Free Software in the Portuguese Parlment

So, as I've wrote previously, today was the day where a proposal to deploy Free Software in the Portuguese Parliement was voted. I knew about it thanks to a document in a non-free format, knew the whole schedule for the day thanks to a document in a non-free format, read the entire proposal, made by Partido Comunista Português, in a document in a non-free format, assisted and recorded it thanks to a video stream in a non-free format, but I won't refrain my self to speak out freely my thoughts about it.

First of all, this is one of those matters that is important to a hell lot of people, and if I'm talking about this one because this is one matter that quite interests me, I have little doubt that most of the other things discussed in the Parliement matter to a hell lot of (different, perhaps) people. I have an advantage, tho: I'm what can be considered a techno-litered, someone who knows about computers and how to use them. Most people wouldn't "so easily" find the proposal, the date, the schedule, how to assist and even less record it as I did. "So easily" wasn't easy at all: as a matter of fact I think I had a lot of luck because the Parliement makes no efforts whatsoever to make this things public. After all, it's our money and freedom they're talking about.

The proposal was simple and well conceived. Make Free Software available in the Portuguese Parliement, so everyone could have the freedom to use it. Lessons on how to use the chosen Free Software to those interested in it.
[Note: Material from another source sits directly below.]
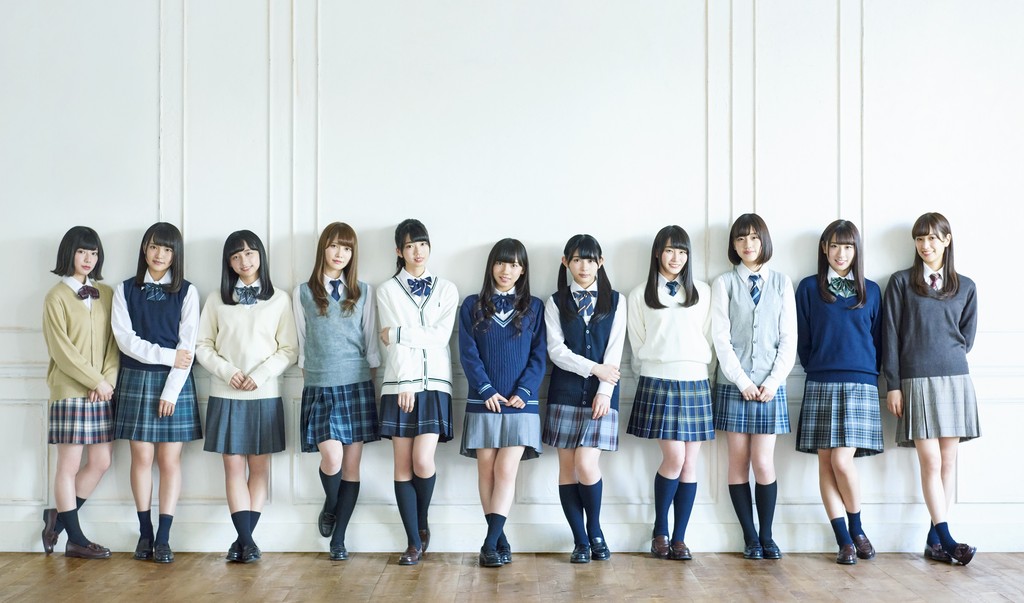 けやき坂46 明日の日本テレビ Zip にて幕張公演の様子を放送 欅坂46まとめ処 けやき坂46 明日の日本テレビ Zip にて幕張公演の様子を放送 欅坂46まとめ処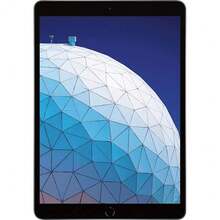 Refurbished Apple IPad Air 3 A2152 (WiFi) 256GB Space Gray (Grade A) - Xem 3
Start using free and open document formats so everyone (even out of the Parliement) could have free access to those documents. Research the benefits of a migration to Free Software from the "multiple choices" scenario, and debate the results one year later.

The result was "approval of proposal, with changes". The changes made the propose this: "Make Free Software available in the Portuguese Parliement, so everyone can have the freedom to use it".

Now, I don't know the kind of access each deputy has to his own terminal in the Parliement, but what I know is that if instead of this proposal someone just decided to install free software in its terminal, or, if they don't have the permission, if they asked their helpdesk to do so, they could have it without all this fuss. In other words, this "approval" does not approve anything, it's just them mocking with the Portuguese people. I wonder why the hell am I paying their salaries.

Giving them the choice but not teaching them how to use it is the same as not giving them the choice. Refusing to give free access to the Parliement documents by choosing to keep a close format (Microsoft's) instead of a standard one (ODF) is discriminating the Portuguese people who do not use that proprietary format. I have to add to this one that the affirmation from Partido Socialista stating that "everyone can access to our documents) was outrageous: most of all a statement of "we're voting on a matter we don't know nothing about". Refusing to research the benefits of a migration to Free Software is the same as missing the whole point. The proposal was "let's take a look to the options", refusing that is saying "shut up and be quiet".

Overall, this "approval" was no approval at all. It was a loud and clear "SHUT THE FUCK UP" to Partido Comunista Português. This is the Parliement we have here.

Thanks to PCP for raising the issue. Thanks to Ubuntu-PT, Porto Linux, ANSOL for trying to give some information (and CD's) to the deputies, even if that information was completely ignored.